# Edinburgh & Recommendations for Places to eat



## Dizzydi (Apr 9, 2010)

Elo Folks.

I'm of to Edinuburgh on the 17th April for 5 lovely days. Can anyone recommend any places to eat ?

Thanks


----------



## Steff (Apr 9, 2010)

Hi Di dont know whereabouts your going in burgh but here is a list of a few, im sure they edinburgh members amongst us will be able to give you more info


http://www.nileguide.com/destinatio...d=G_EDI_fo_5&gclid=CLHa4qTx-aACFaVo4woddUM_BQ

it also gives u a list of places in edinburgh and also a list of the type of food your after, french, british, seafood etc etc


----------



## Dizzydi (Apr 9, 2010)

Steff2010 said:


> Hi Di dont know whereabouts your going in burgh but here is a list of a few, im sure they edinburgh members amongst us will be able to give you more info
> 
> 
> http://www.nileguide.com/destinatio...d=G_EDI_fo_5&gclid=CLHa4qTx-aACFaVo4woddUM_BQ
> ...



Hi Steff,

Thanks I will have a look at this.

Di x

PS I'm supposed to be doing my month end accounts and I'm now skiving cause I'm bored and can't be botherered ......lol


----------



## Steff (Apr 9, 2010)

Dizzydi said:


> Hi Steff,
> 
> Thanks I will have a look at this.
> 
> ...



lol naughty.

ps have a good time in the Auld Reekie as its known, is it a holiday?


----------



## rachelha (Apr 9, 2010)

Hi Di - I am in Edinburgh, and currently meant to be starting on my year end accounts but skiving 

What sort of food do you like?  Where are you staying?

Rx


----------



## Dizzydi (Apr 9, 2010)

Steff2010 said:


> lol naughty.
> 
> ps have a good time in the Auld Reekie as its known, is it a holiday?

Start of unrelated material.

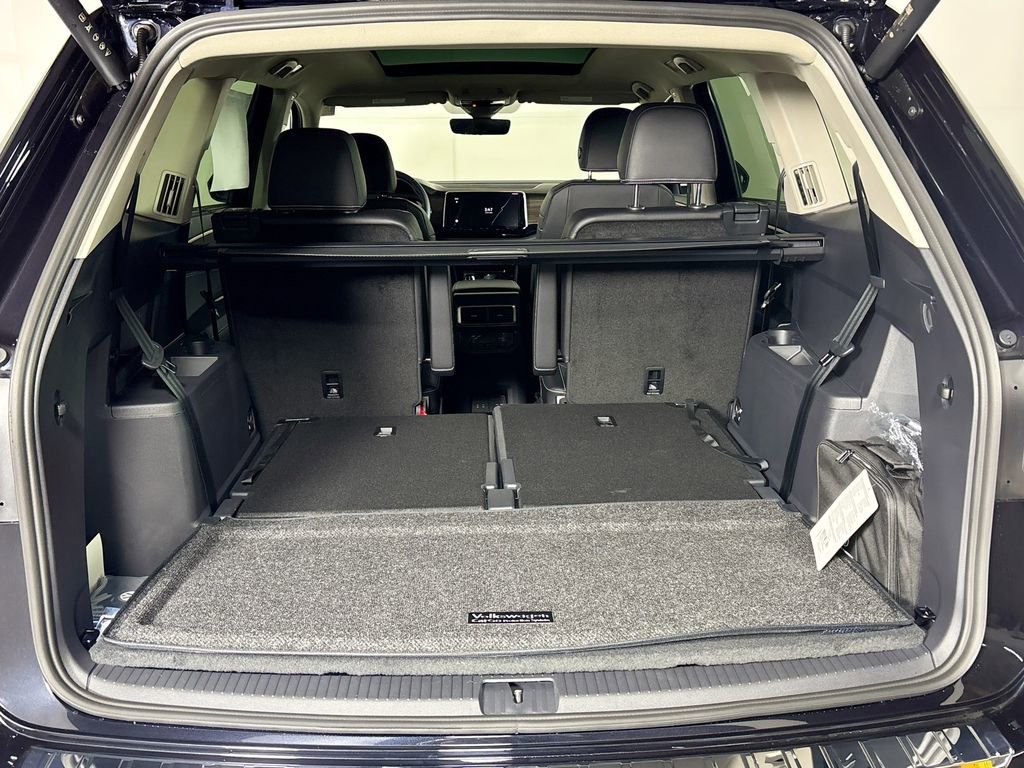 New 2026 Volkswagen Atlas SEL image 22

It is a little holiday - generally try and do a city break early on each year before main holiday.

We flipped a coin between Edinburgh and Dublin - Edinburgh won which I'm glad of always wanted to go & I've been to Dublin before. I'm going to go to the Zoo and do the night auld reekie terror tour...lol...if I can stay awake that long


----------



## Dizzydi (Apr 9, 2010)

rachelha said:


> Hi Di - I am in Edinburgh, and currently meant to be starting on my year end accounts but skiving
> 
> What sort of food do you like?  Where are you staying?
> 
> Rx



Hi Rachel,

Staying at the Salisbury Hotel.

I like spicy foods best, but we are thinking more pub grub with maybe one night special for My husbands birthday.

Don't you just hate year end accounts.....................


Thanks x


----------



## rachelha (Apr 9, 2010)

Dizzydi said:


> It is a little holiday - generally tray and do a city break early on each year before main holiday.
> 
> We flipped a coin between Edinburgh and Dublin - Edinburgh won which I'm glad of always wanted to go & I've been to Dublin before. I'm going to go to the Zoo and do the night auld reekie terror tour...lol...if I can stay awake that long



The zoo is fab.  Make sure you see the penguin parade


----------



## rachelha (Apr 9, 2010)

There are loads of good thai, indian, malaysian, nepalese etc. restaurants in Ed.  I will have a think about what is that side of town and get back to you.


----------



## rachelha (Apr 9, 2010)

The best place for finding out what is going on in Ed. and restaurant reviews etc. is the List.

http://www.list.co.uk/


----------



## Dizzydi (Apr 9, 2010)

rachelha said:


> There are loads of good thai, indian, malaysian, nepalese etc. restaurants in Ed.  I will have a think about what is that side of town and get back to you.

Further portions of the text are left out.